In a sea of tribute albums this one stands out, and blues partisans will hold its place in music history, on par with the film.

The ensemble delivers 11 songs, all tunes Gary Davis used to sing, and each a gem.

—Frank Matheis


Have Mercy
Cash Munkey - 4440

Last year proved to be a prolific one for Old Gray Mule, the Texas-based duo comprised of guitarist CR Humphrey and drummer JJ Wilburn. These die-hard apostles of north Mississippi hill country blues simultaneously released not one, but two fine albums in late 2014: Hump Night 55, which was issued exclusively on vinyl and reviewed in my “In the Groove” column in LB #234, and Have Mercy.

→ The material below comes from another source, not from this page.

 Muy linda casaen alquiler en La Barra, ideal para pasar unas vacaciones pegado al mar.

Both albums were recorded outside of New Orleans, and the Crescent City influence is especially strong on Have Mercy. This is due in large part, of course, to the welcome presence of some high-profile zydeco masters who appear as guests: Buckwheat Zydeco and brothers Rockin’ Dopsie Jr. And Anthony Dopsie (whose father, the late Rockin’ Dopsie Sr., was dubbed the “Crown Prince of Zydeco” and recorded with Paul Simon and Bob Dylan).

Although hill country blues and zydeco may seem like an incongruous pairing (after all, how often did a button accordion make an appearance on an R.L. Burnside or Junior Kimbrough record?), Old Gray Mule and the Dopsie brothers exploit the raw energy and hard-driving rhythms at the core of both genres on Ass On Fire. A spirited amalgam of single chord guitar grooves with lightning-fast accordion and ratchet-like vest frottoir percussion, one wonders why such musical collaborations between the two regions haven’t been more common before now.

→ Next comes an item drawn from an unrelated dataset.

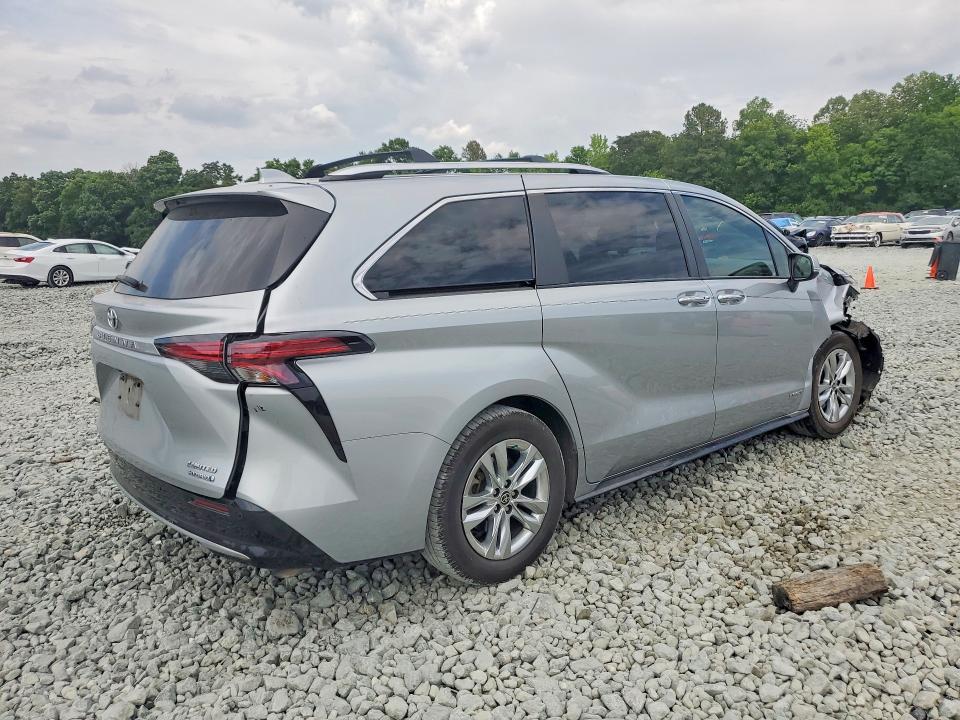 2021 Toyota Sienna Limited 7-passenger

Buckwheat Zydeco joins the duo on accordion for Stop Playin’, a slow simmering 12-bar blues in the Albert Collins vein that is further bolstered by a three-piece horn section and Wilburn’s moving vocals. More straightforward hill country fare include the Burnside covers Alice Mae and Skinny Woman, along with a decidedly up-tempo cover of Junior Kimbrough’s All Night Long. Kimbrough receives the royal treatment with another tribute, the original instrumental Kimbro Style.

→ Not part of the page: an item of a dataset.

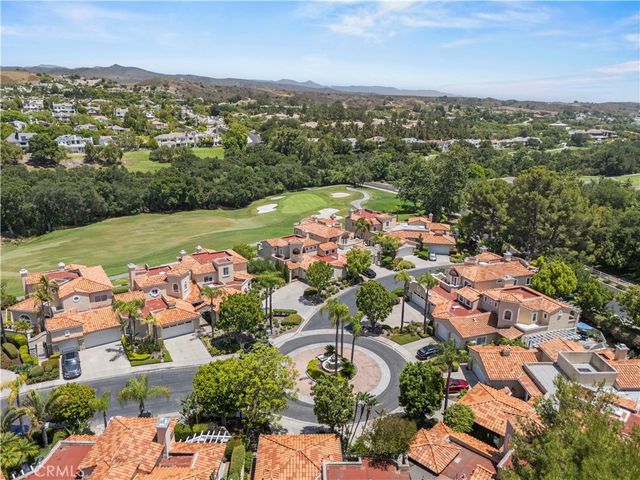 $949,900 | 71 Via Barcaza, Coto de Caza, CA 92679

The highlight of this gem of an album, however, is Edge of My Head. The title is adapted from the well-known lyric in Jimi Hendrix’s Voodoo Child (“Well, I stand up next to a mountain / And I chop it down with the edge of my hand”). The song manages to keep one foot in north Mississippi while borrowing the familiar guitar hook from Voodoo Child, but Old Gray Mule stretches its creative boundaries with the addition of Chris Humphrey (CR’s mother) on didgeridoo.Another unlikely combination, for sure, but it works—the resonant, reverberating drone of the didgeridoo lends a sinister complement to CR’s Hendrix–meets–Kenny Brown guitar work.

Have Mercy is easily Old Gray Mule’s most ambitious—and well-executed—project to date, and the creative synergy on display here bodes well for the duo’s future as it continues to evolve.